Data excerpt.

━━━━━━━━━━━━━━━━━━━━

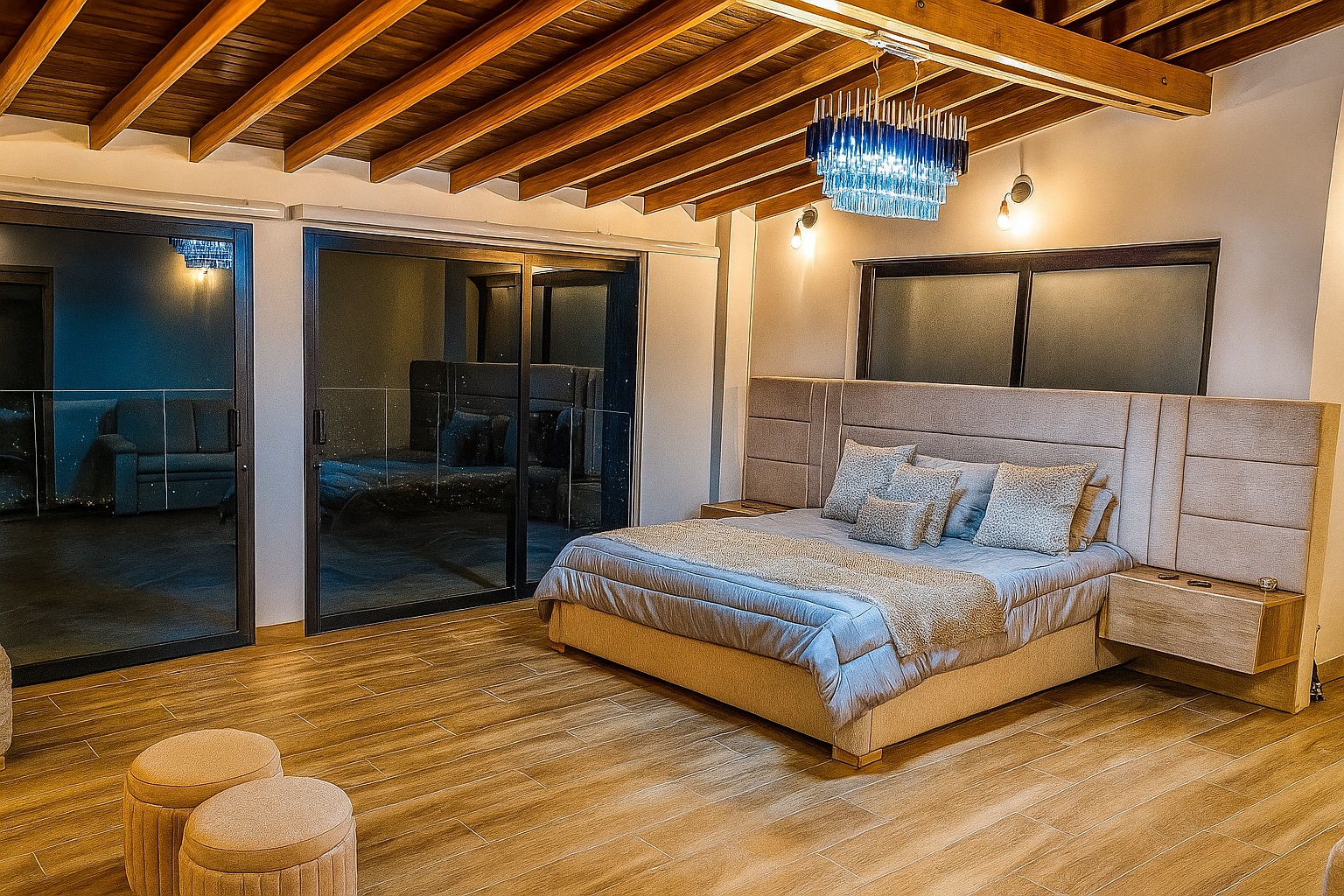King master bedroom with panoramic city view at The View Medellín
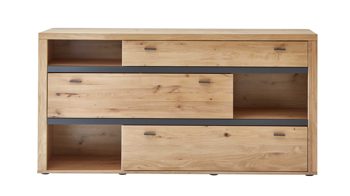 Wohnwand Ideal möbel aus Holz in Holzfarben Wohnprogramm Varas -  Sideboard Eiche & Asteiche & Grau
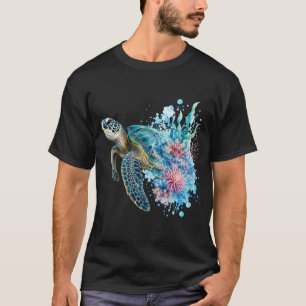 Aquarell Meeresschildkröte PNG Ozean Küsten Design T-Shirt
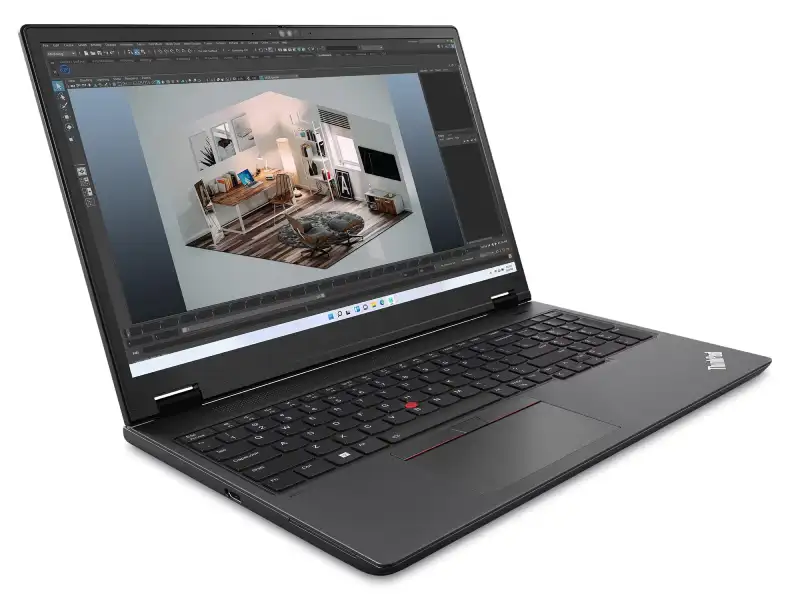 Lenovo ThinkPad P16v Gen 2 laptop in black displaying 3D design software on its 16-inch screen at YourShoppy.com.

━━━━━━━━━━━━━━━━━━━━

Work item.
Return the lines exactly, from the one containing "Aquarell Meeresschildkröte PNG" through the last line above, including both ends and excluding every picture.

Result of the exercise.
 Aquarell Meeresschildkröte PNG Ozean Küsten Design T-Shirt
 Lenovo ThinkPad P16v Gen 2 laptop in black displaying 3D design software on its 16-inch screen at YourShoppy.com.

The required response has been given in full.